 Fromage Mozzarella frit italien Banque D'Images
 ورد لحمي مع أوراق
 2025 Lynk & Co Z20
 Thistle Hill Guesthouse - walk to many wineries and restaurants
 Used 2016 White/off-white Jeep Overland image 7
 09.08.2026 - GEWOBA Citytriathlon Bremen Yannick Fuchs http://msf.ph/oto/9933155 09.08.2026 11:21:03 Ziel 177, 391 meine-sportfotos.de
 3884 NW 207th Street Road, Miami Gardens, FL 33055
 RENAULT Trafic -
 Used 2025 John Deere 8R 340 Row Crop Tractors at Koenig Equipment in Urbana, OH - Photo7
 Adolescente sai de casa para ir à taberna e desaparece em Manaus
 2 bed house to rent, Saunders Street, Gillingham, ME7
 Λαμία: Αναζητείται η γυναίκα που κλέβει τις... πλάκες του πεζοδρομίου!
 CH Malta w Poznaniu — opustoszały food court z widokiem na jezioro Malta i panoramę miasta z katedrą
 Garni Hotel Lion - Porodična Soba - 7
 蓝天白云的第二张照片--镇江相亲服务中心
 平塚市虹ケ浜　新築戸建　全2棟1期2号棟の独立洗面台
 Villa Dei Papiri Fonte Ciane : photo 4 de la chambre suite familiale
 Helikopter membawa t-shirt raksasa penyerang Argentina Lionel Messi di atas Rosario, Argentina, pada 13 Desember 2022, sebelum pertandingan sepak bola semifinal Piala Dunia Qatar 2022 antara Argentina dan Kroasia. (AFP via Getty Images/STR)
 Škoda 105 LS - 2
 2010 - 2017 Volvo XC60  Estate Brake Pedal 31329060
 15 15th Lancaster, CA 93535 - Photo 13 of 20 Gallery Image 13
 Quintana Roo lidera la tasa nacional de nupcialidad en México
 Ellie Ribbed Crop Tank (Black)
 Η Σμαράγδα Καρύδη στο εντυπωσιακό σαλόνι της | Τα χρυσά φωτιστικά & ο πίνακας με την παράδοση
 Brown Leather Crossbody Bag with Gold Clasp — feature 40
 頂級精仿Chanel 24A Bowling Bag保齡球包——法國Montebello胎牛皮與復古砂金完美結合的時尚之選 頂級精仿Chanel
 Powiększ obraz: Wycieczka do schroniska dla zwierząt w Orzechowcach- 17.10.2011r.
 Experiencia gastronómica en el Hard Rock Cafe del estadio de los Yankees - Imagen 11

★ ★ ★ ★ ★

• [EXERCISE DETAILS] Nothing in the records may change. Print all of them.

• [WRITTEN SOLUTION]
 Fromage Mozzarella frit italien Banque D'Images
 ورد لحمي مع أوراق
 2025 Lynk & Co Z20
 Thistle Hill Guesthouse - walk to many wineries and restaurants
 Used 2016 White/off-white Jeep Overland image 7
 09.08.2026 - GEWOBA Citytriathlon Bremen Yannick Fuchs http://msf.ph/oto/9933155 09.08.2026 11:21:03 Ziel 177, 391 meine-sportfotos.de
 3884 NW 207th Street Road, Miami Gardens, FL 33055
 RENAULT Trafic -
 Used 2025 John Deere 8R 340 Row Crop Tractors at Koenig Equipment in Urbana, OH - Photo7
 Adolescente sai de casa para ir à taberna e desaparece em Manaus
 2 bed house to rent, Saunders Street, Gillingham, ME7
 Λαμία: Αναζητείται η γυναίκα που κλέβει τις... πλάκες του πεζοδρομίου!
 CH Malta w Poznaniu — opustoszały food court z widokiem na jezioro Malta i panoramę miasta z katedrą
 Garni Hotel Lion - Porodična Soba - 7
 蓝天白云的第二张照片--镇江相亲服务中心
 平塚市虹ケ浜　新築戸建　全2棟1期2号棟の独立洗面台
 Villa Dei Papiri Fonte Ciane : photo 4 de la chambre suite familiale
 Helikopter membawa t-shirt raksasa penyerang Argentina Lionel Messi di atas Rosario, Argentina, pada 13 Desember 2022, sebelum pertandingan sepak bola semifinal Piala Dunia Qatar 2022 antara Argentina dan Kroasia. (AFP via Getty Images/STR)
 Škoda 105 LS - 2
 2010 - 2017 Volvo XC60  Estate Brake Pedal 31329060
 15 15th Lancaster, CA 93535 - Photo 13 of 20 Gallery Image 13
 Quintana Roo lidera la tasa nacional de nupcialidad en México
 Ellie Ribbed Crop Tank (Black)
 Η Σμαράγδα Καρύδη στο εντυπωσιακό σαλόνι της | Τα χρυσά φωτιστικά & ο πίνακας με την παράδοση
 Brown Leather Crossbody Bag with Gold Clasp — feature 40
 頂級精仿Chanel 24A Bowling Bag保齡球包——法國Montebello胎牛皮與復古砂金完美結合的時尚之選 頂級精仿Chanel
 Powiększ obraz: Wycieczka do schroniska dla zwierząt w Orzechowcach- 17.10.2011r.
 Experiencia gastronómica en el Hard Rock Cafe del estadio de los Yankees - Imagen 11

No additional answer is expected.